Ainda assim, considerações econômicas – como o baixo preço da terra – e a aversão ao risco levaram a uma situação pouco usual: a maior parte das áreas protegidas (com exceção das terras indígenas) está distante das atividades humanas mais destrutivas e, por isso, seu efeito sobre tais atividades pode ser mínimo.
Sem um novo pacto, parece que as maiores florestas tropicais do mundo terão o mesmo destino das florestas temperadas que caíram ao longo dos últimos quatro séculos: resistirão apenas em paisagens remotas, rochosas e montanhosas, onde os custos de oportunidade de excluir a expansão agrícola e a atividade madeireira são baixos.

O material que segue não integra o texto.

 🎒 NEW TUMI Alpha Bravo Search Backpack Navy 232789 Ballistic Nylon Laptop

Uma das mais importantes conquistas da última década na Amazônia – a criação de 5 milhões de hectares de reservas florestais na disputada região central do Pará, entre novembro de 2004 e março de 2005 – mostra que talvez esse destino não esteja selado. Com a criação das reservas, o Pará e o Mato Grosso passaram a deter o maior mosaico de áreas protegidas de floresta tropical do mundo, com 23 milhões de hectares – mais de quatro vezes o tamanho da Costa Rica – de terras indígenas, reservas extrativistas e biológicas e florestas nacionais.

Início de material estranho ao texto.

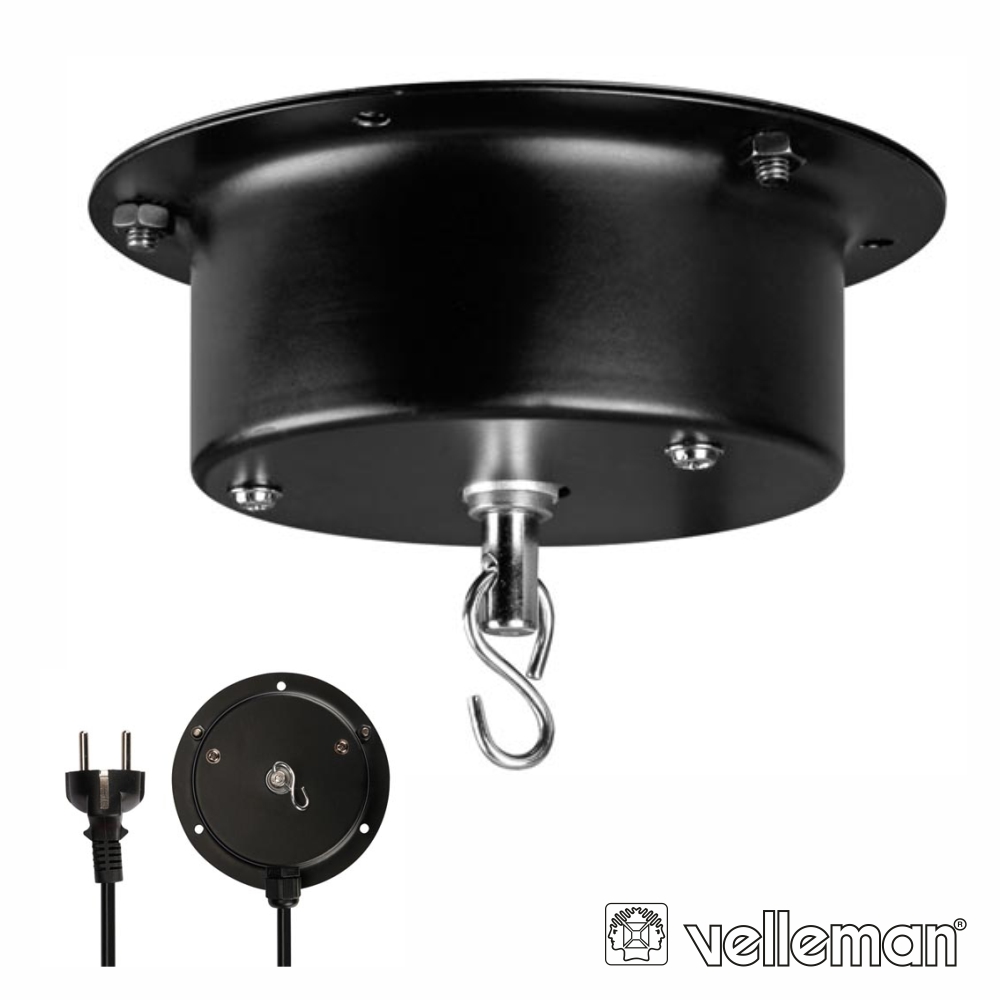 MOTOR P/ BOLA DE ESPELHOS 1.8-2.5 RPM 230 VAC 5KG MAX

A adição ao mosaico decorreu da iniciativa de agricultores familiares que começaram a se instalar ao longo da Rodovia Transamazônica nos anos 70, atraídos pelas promessas do governo de obtenção de terra, incentivos, assistência técnica, escolas e outros serviços. Muitos vieram dos estados agrícolas do Sul – Paraná e Rio Grande do Sul -, onde haviam se organizado contra a expansão agroindustrial e a concentração de terra.
Pensando regionalmente
Diante do fato de que as promessas não se materializaram, eles formaram em meados dos anos 80 o Movimento pela Sobrevivência da Transamazônica (MPST), para angariar apoio aos esforços de manter a rodovia — ainda não pavimentada — trafegável. A Igreja Católica, por meio das Comunidades Eclesiais de Base, ajudou a construir uma “maneira regional de pensar”, promovendo a ligação entre os agricultores de várias localidades ao longo da rodovia que enfrentavam problemas
semelhantes.
Depois de várias vitórias, incluindo a criação de uma linha especial de crédito para os pequenos proprietários, o FNO Especial (um braço do Fundo Constitucional da Região Norte), o MPST transformou-se no Movimento pelo Desenvolvimento da Transamazônica e do Xingu (MDTX), no início da década de 90, e ampliou sua agenda para tentar conciliar o desenvolvimento econômico rural com a conservação florestal. Representando 20 mil famílias agricultoras e mais de 110 organizações de base, essa instituição guarda-chuva lançou, no fi m dos anos 90, uma iniciativa de planejamento regional que incluía a criação de duas grandes reservas.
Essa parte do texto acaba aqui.